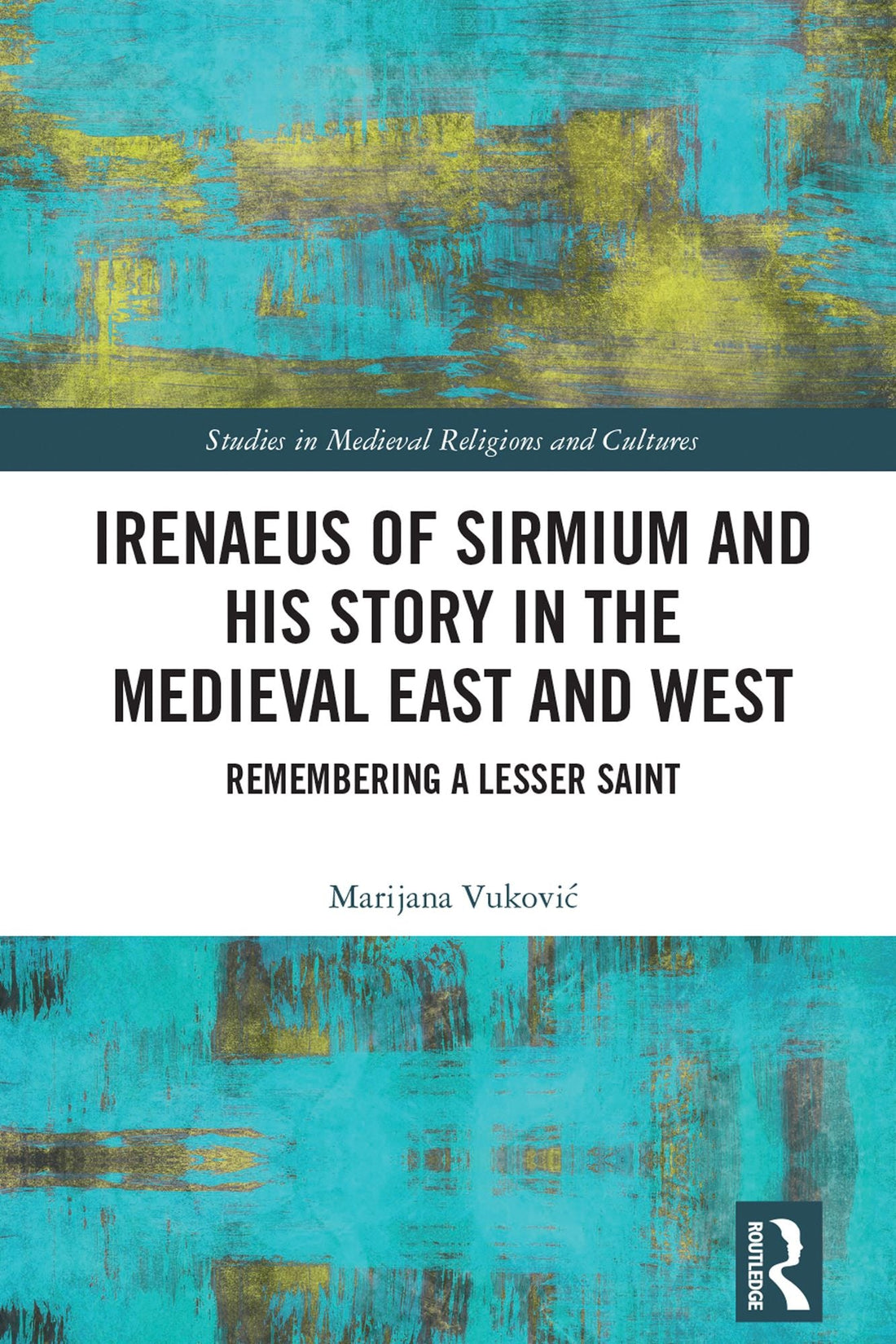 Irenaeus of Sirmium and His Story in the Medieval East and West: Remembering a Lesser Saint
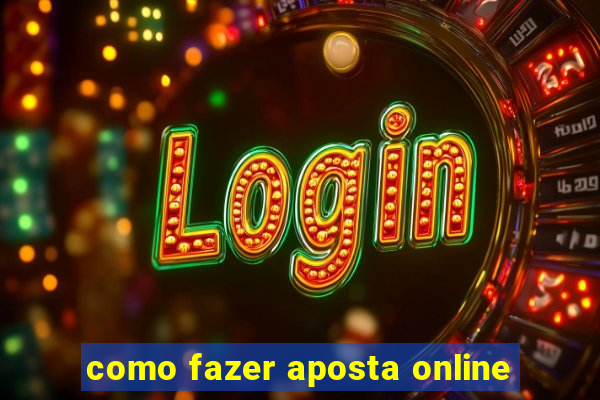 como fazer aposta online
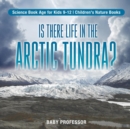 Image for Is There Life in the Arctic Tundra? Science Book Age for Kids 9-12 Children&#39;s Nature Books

◆ ◆ ◆ ◆ ◆ ◆ ◆

Exercise details: Starting at the line that contains "como fazer aposta online", please write out each line through the last line of the data, both ends included, and keep pictures out of the copy.

Written response:
 como fazer aposta online
 Image for Is There Life in the Arctic Tundra? Science Book Age for Kids 9-12 Children&#39;s Nature Books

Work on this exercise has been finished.